There has been an explosion in the number of Social Security Insurance Disability payments, for which there is no age requirement. You have to have “Plan B,” right?

I fell again yesterday while looking for something I did not need. Once on the floor, I saw what I had lost at the back of a shelf, safe and sound, and since I did not need it, I concentrated on the minor issue of returning to an upright position.

The problem with my left knee and mobility has helped to distill several things, which made me compare and contrast my life with the fictional Julia of the President’s campaign. Suppose I could not work? My regular routine is to visit the big Agency at Joint Base Bolling-Anacostia a couple times a week.

There is a chronic parking problem at the base. Believe it or not, the Agency facility was deliberately designed to have insufficient parking. This was a Carter-era social engineering concept intended to encourage car-pooling. Ignoring the fact that the workforce resides as far away as West Virginia and southern Maryland didn’t work out that well, but c’est la vie. It seemed like a good idea at the time.

Lack of parking normally results in having to leave the Bluesmobile in the Commissary parking lot, which is nearly a mile away from the complex. As things stand, I cannot do it.

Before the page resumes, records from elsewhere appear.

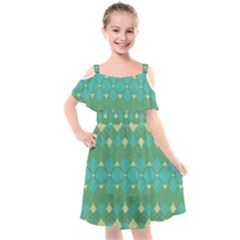 Boho Green Blue Checkered Kids  Cut Out Shoulders Chiffon Dress by SpinnyChairDesigns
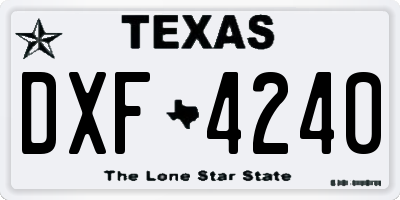 TX license plate DXF4240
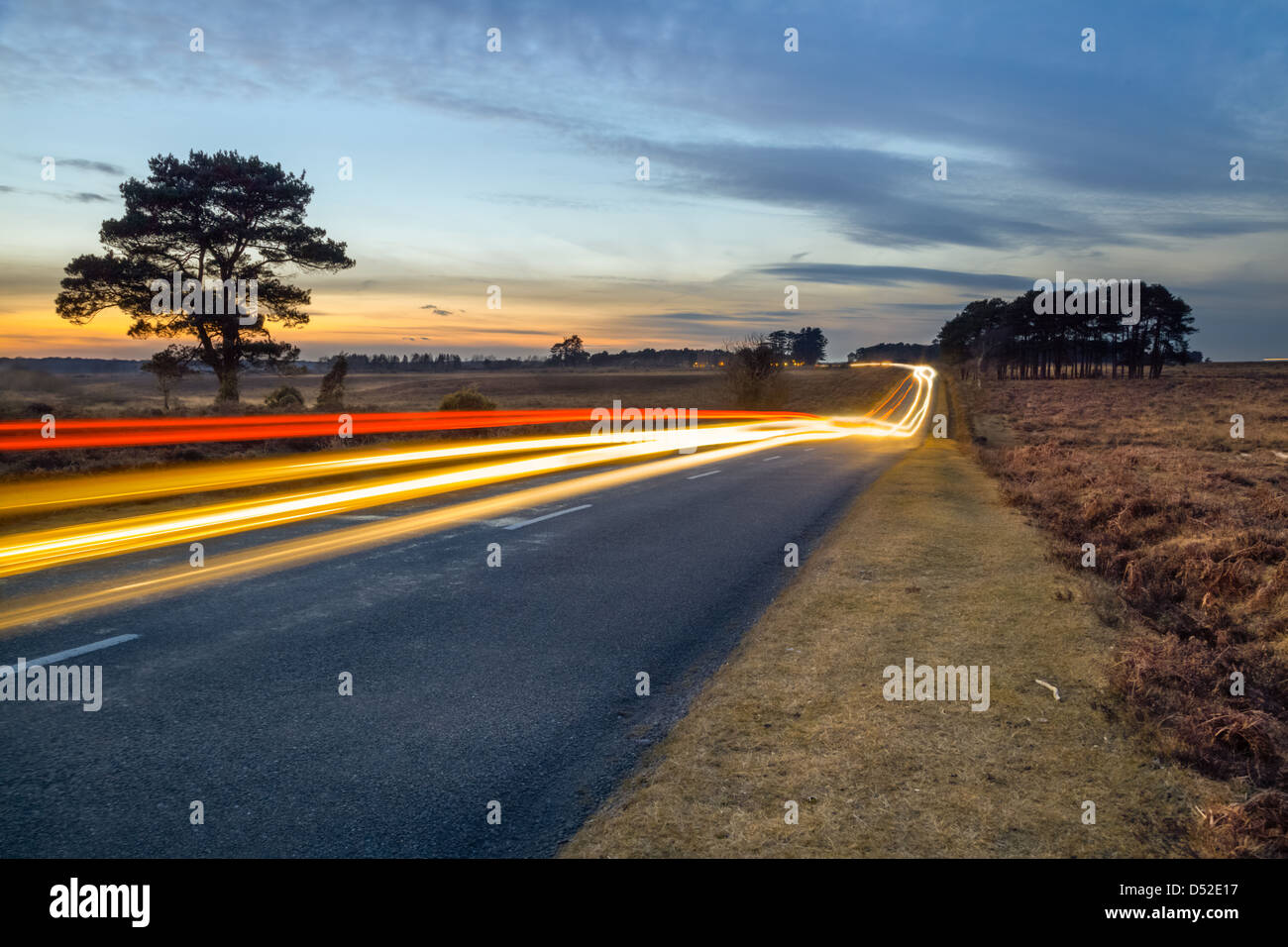 Traffic passing through the New Forest National Park at dusk in Hampshire Stock Photo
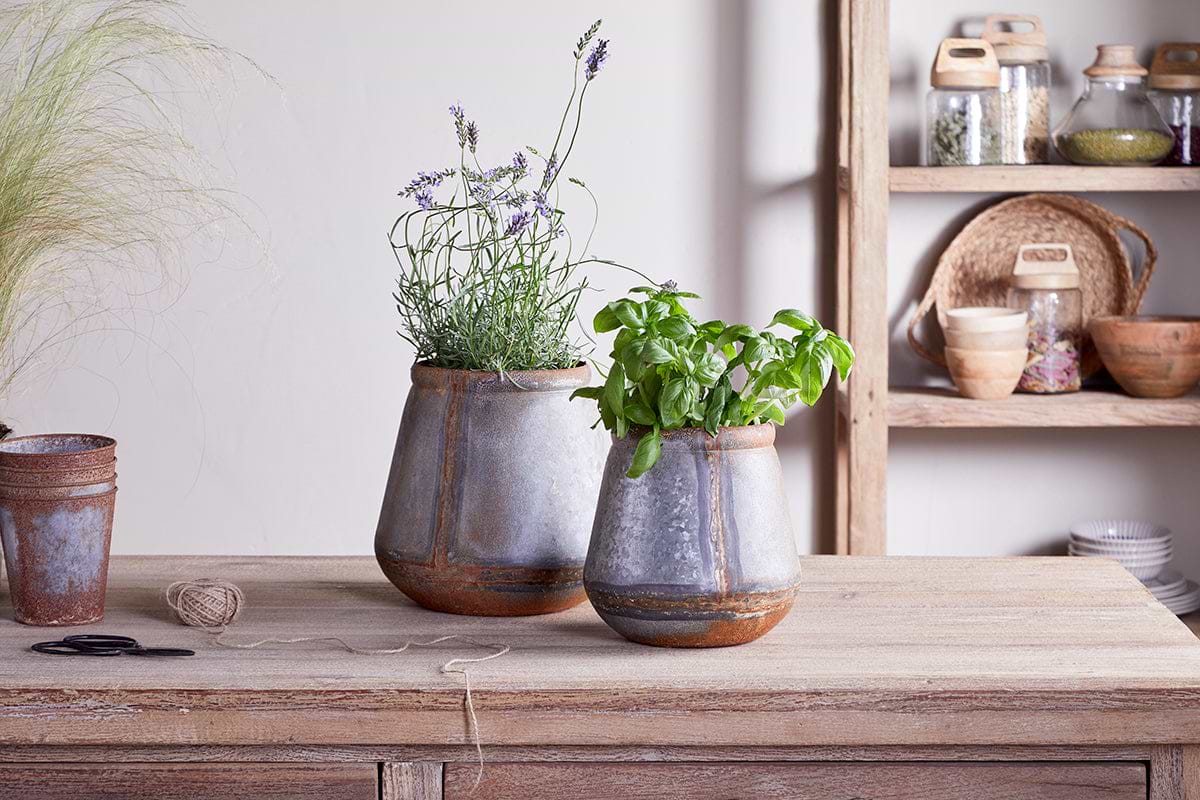 Mamba Outdoor Planter - Aged Zinc-VASES & PLANTERS-Nkuku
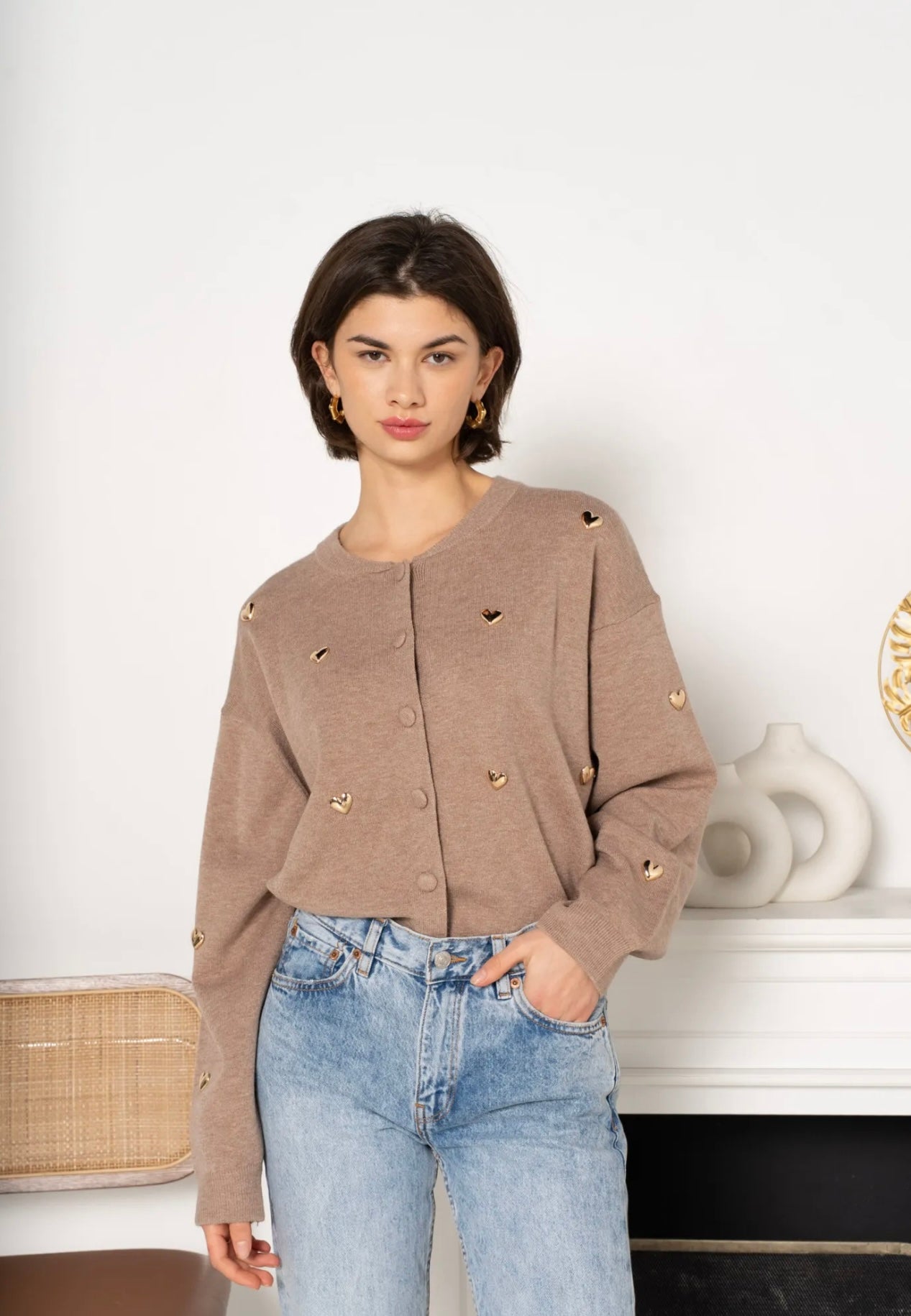 Natasha Taupe Heart Appliqué Detail Cardigan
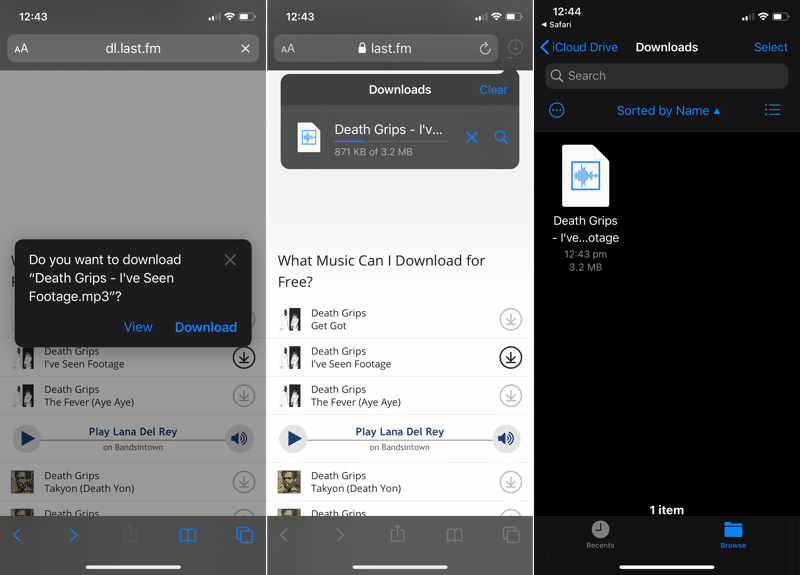 iOS 13 Safari Download Manager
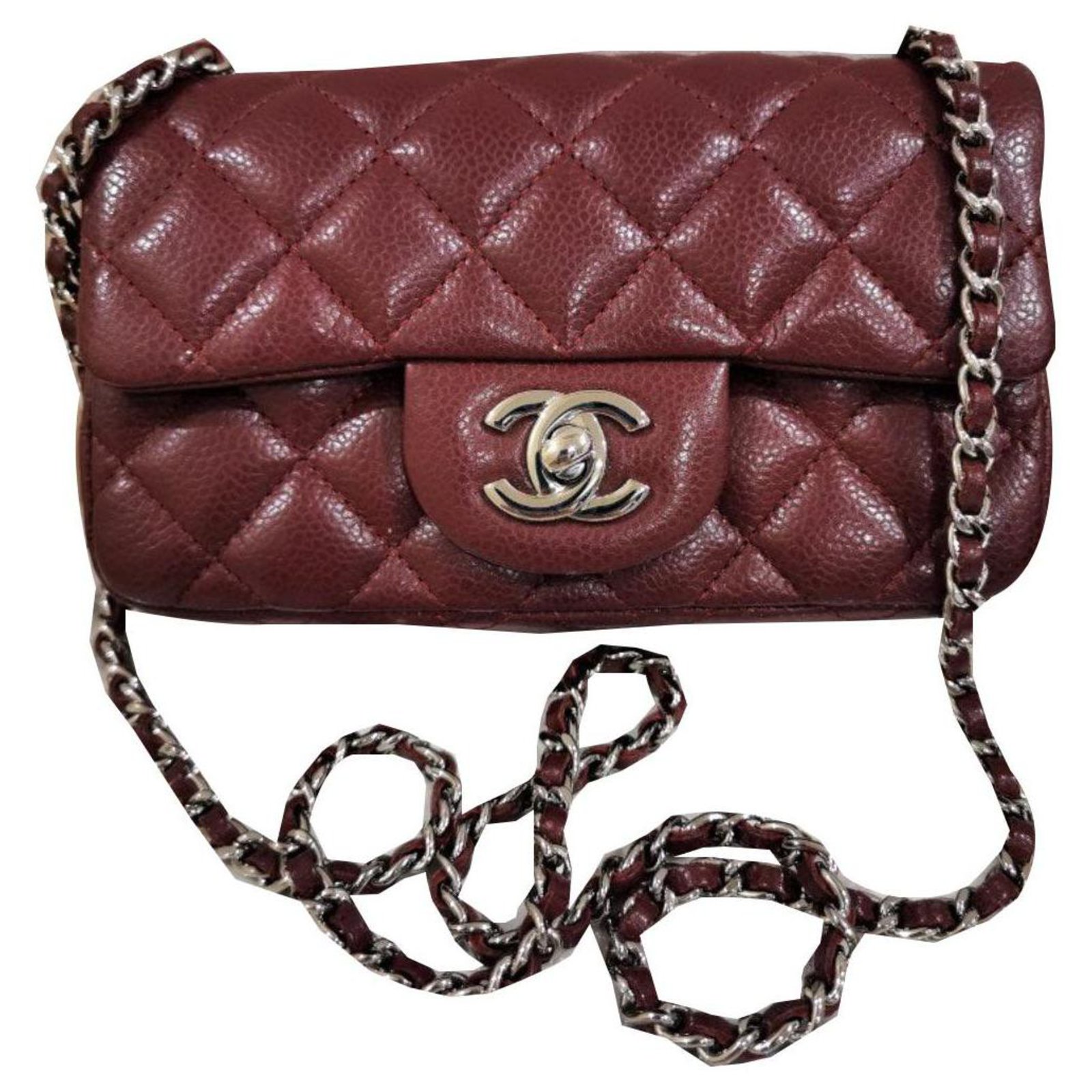CHANEL Lambskin Quilted Mini Square Flap Burgundy 1165718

I suppose I could get a handicapped placard but once on the way down that road, what is the difference between me and the President’s Julia?

The scorn that has greeted the fictional character is rich, and if you have not seen the original, and the multitude of parodies, I encourage you to take a look at an America I do not recognize.

Julia is a Caucasian web-designer, by the way, and her Medicare and Social Security do not appear to be in trouble, at least according to the captions on the PowerPoint presentation.

I don’t know how that works. There has to be something to change the trajectory of doom that those programs are on. Social Security, for example, will be bankrupt the year the fictional Julia turns 21. I will be 82, though the way things are going I doubt if that is going to be of great concern to anyone except the administer of my estate.

So why not apply for SSI Disability if it comes to that? Millions who have dropped out of the job market have done exactly that. I am not saying it is fraud, per se, since we all have our aches and pains. Growing old is not for sissies.

The bill to the taxpayer is around $200 Billion a year- or, what in simpler times, amounts to pretty much what Defense used to cost. Amazing. And it is increasing, particularly in the hard-to-quantify aspects of “pain” and “mental illness.”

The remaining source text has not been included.